Warehouse Computing and the Evolution of the Datacenter: A Layman’s Guide

Published in

Lenny for your Thoughts

6 min readJun 2, 2015

You may not have noticed, but we’re in the midst of another massive platform shift in enterprise computing. We can debate chicken or egg, but I believe this most recent transformation is being driven primarily by requirements placed on modern applications; requirements that are the result of the on-demand, always-on computing paradigm predicated by cloud and mobile. Simply, applications need to be scalable, available and performant enough to reach millions, if not billions, of connected devices and end-users. Infrastructure must mirror these specifications, in kind.

Historically, systems design has ebbed and flowed between periods of aggregation (centralized) and disaggregation (distributed) of compute resources. The most recent evolution, from client/server to virtualized, cloud infrastructure was driven largely by a desire to contain costs and consolidate IT around standards (x86 instruction set, Windows and Linux) form factors (first blade servers, then VMs) and physical locations (emergence of sprawling datacenters and giant cloud vendors). Now we’re seeing the pendulum swing back. Why?

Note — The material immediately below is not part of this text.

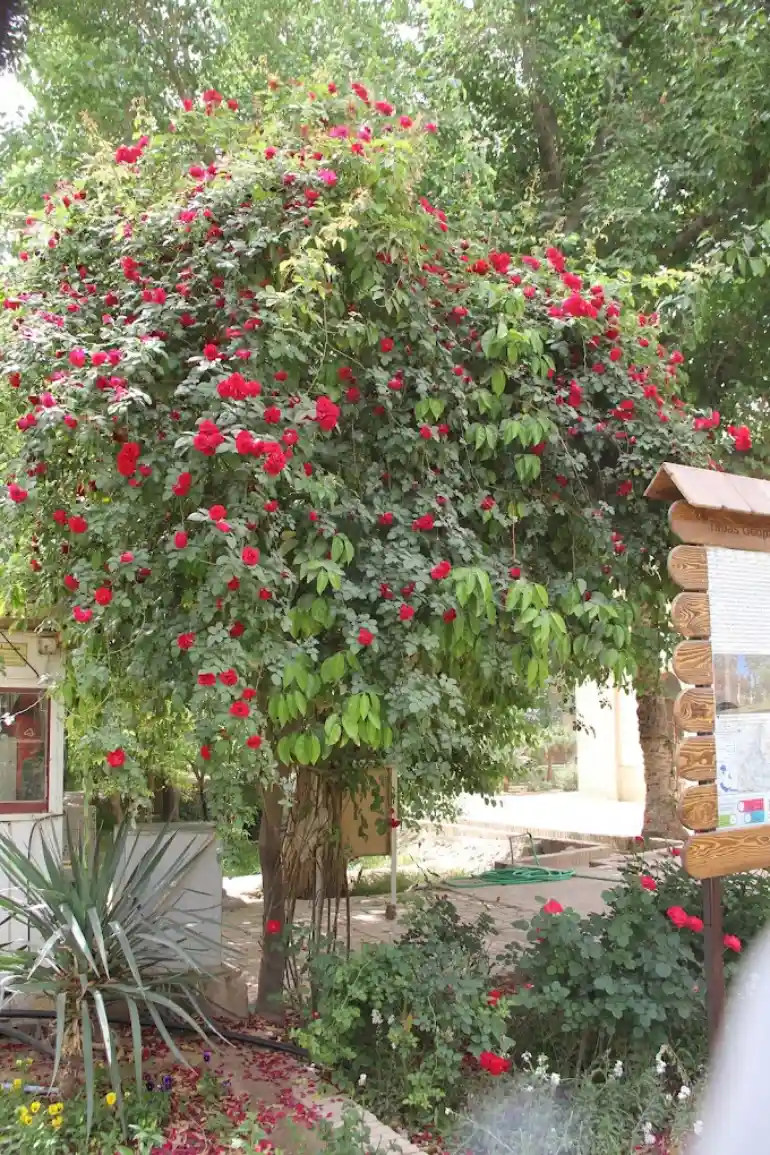 باغ گلشن طبس؛ معجزه سبز کویرهای طبس 32 تزیینات باغ و عمارت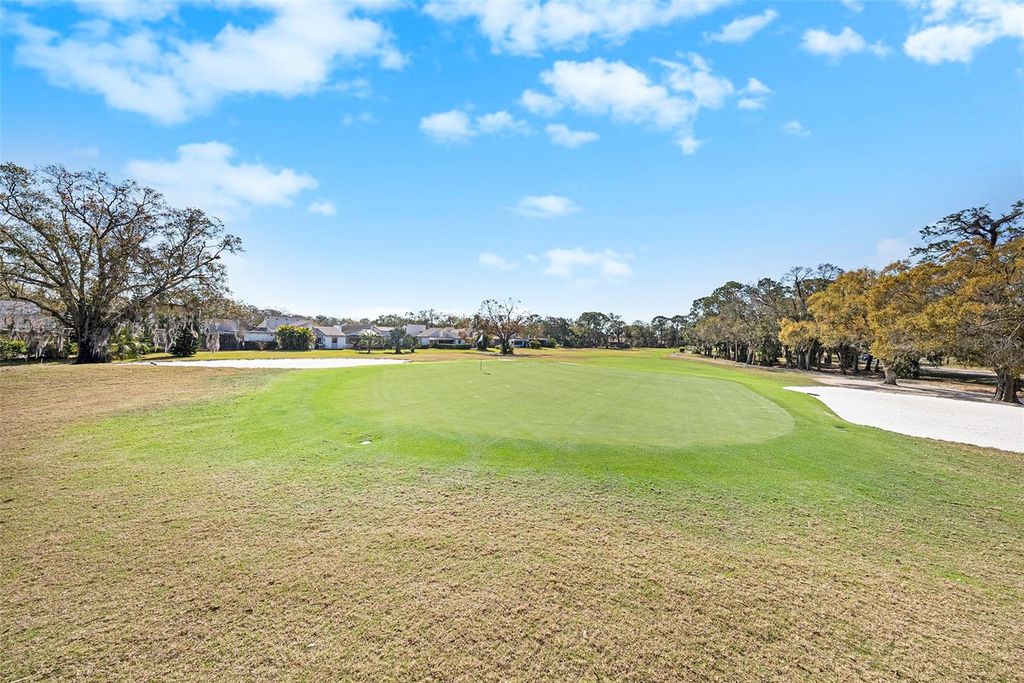 Photo of 141 Lakeview Way #141, Oldsmar, FL 34677 (MLS # TB8483907)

A strong first principle is the notion that infrastructure is beholden to the application. Today, many applications are being built as large-scale distributed systems, composed of dozens (or even thousands) of services running across many physical and virtual machines and often across multiple datacenters. In this paradigm, virtualization — which really dealt with the problem of low physical server utilization — doesn’t make much sense. In a highly distributed, service-oriented world, VMs come with too much overhead (read more on this here). Instead of slicing and dicing compute, network and storage, the better solution becomes to aggregate all machines and present them to the application as a pool of programmable resources with hardware-agnostic software that manages isolation, resource allocation, scheduling, orchestration etc. In this world, the datacenter becomes one giant, warehouse computer controlled by a software brain.

However, the fact of the matter is that building, deploying and maintaining distributed applications is a highly technical feat. It requires a rethinking of the way applications treat and interact with other applications, databases, storage and network. Moreover, it requires a new toolkit that is central to solving the coordination and orchestration challenges of running systems that span across multiple machines, datacenters and time zones. To help understand what’s taking place, let’s deconstruct this new stack and, along the way, define some other key terms. Note that this is in no way a static, absolute taxonomy, but rather a simplified way to understand the layers that make up today’s application stack.

Physical Infrastructure — Actual servers, switches, routers and storage arrays that occupy the datacenter. This area was dominated by legacy OEMs (EMC, Cisco, HP, IBM, Dell) who are now giving way to low-cost ‘whitebox’ ODMs.

Vendors/Products: Quanta Computer, SuperMicro, Wistron

Virtualized Infrastructure — Emulated physical compute, network and storage resources that are the basis for cloud-based architectures. The enabling technology here is the hypervisor which sits on top bare metal infrastructure and creates virtual clones of the server (or switch or storage array) each complete with a full OS with its own memory management, device drivers, daemons, etc.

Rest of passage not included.